DSHR's Blog: Auditing The Integrity Of Multiple Replicas

The fundamental problem in the design of the LOCKSS system was to audit the integrity of multiple replicas of content stored in unreliable, mutually untrusting systems without downloading the entire content:

Multiple replicas, in our case lots of them, resulted from our way of dealing with the fact that the academic journals the system was designed to preserve were copyright, and the copyright was owned by rich, litigious members of the academic publishing oligopoly. We defused this issue by insisting that each library keep its own copy of the content to which it subscribed.
Unreliable, mutually untrusting systems was a consequence. Each library's system had to be as cheap to own, administer and operate as possible, to keep the aggregate cost of the system manageable, and to keep the individual cost to a library below the level that would attract management attention. So neither the hardware nor the system administration would be especially reliable.
Without downloading was another consequence, for two reasons. Downloading the content from lots of nodes on every audit would be both slow and expensive. But worse, it would likely have been a copyright violation and subjected us to criminal liability under the DMCA.
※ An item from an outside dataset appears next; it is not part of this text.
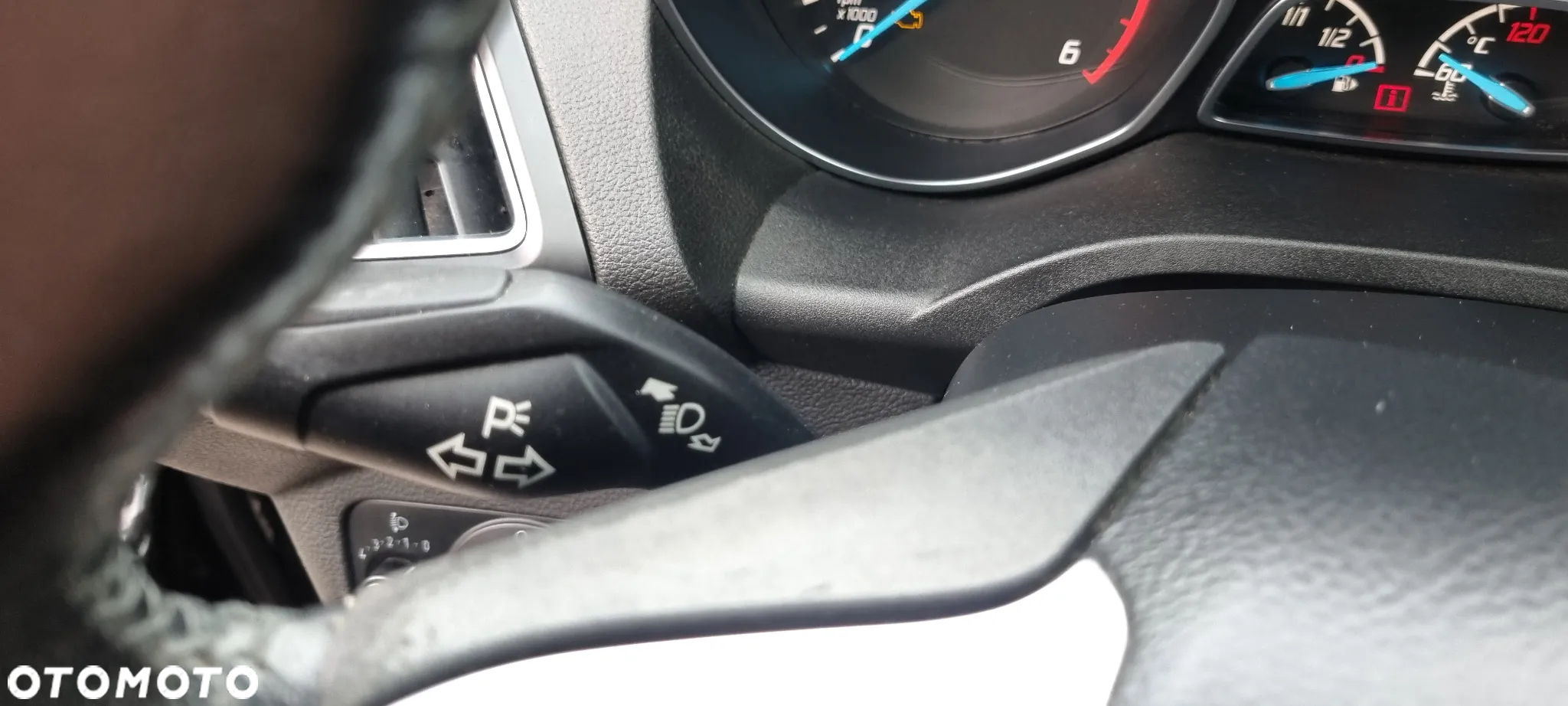 Ford Kuga 2.0 TDCi 2x4 Titanium - 22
Our approach, published now more than 16 years ago, was to have each node in the network compare its content with that of the consensus among a randomized subset of the other nodes holding the same content. They did so using a peer-to-peer protocol using proof-of-work, in some respects one of the many precursors of Satoshi Nakamoto's Bitcoin protocol.

Lots of replicas are essential to the working of the LOCKSS protocol, but more normal systems don't have that many for obvious economic reasons. Back then there were integrity audit systems developed that didn't need an excess of replicas, including work by Mehul Shah et al, and Jaja and Song. But, primarily because the implicit threat models of most archival systems in production assumed trustworthy infrastructure, these systems were not widely used. Outside the archival space, there wasn't a requirement for them.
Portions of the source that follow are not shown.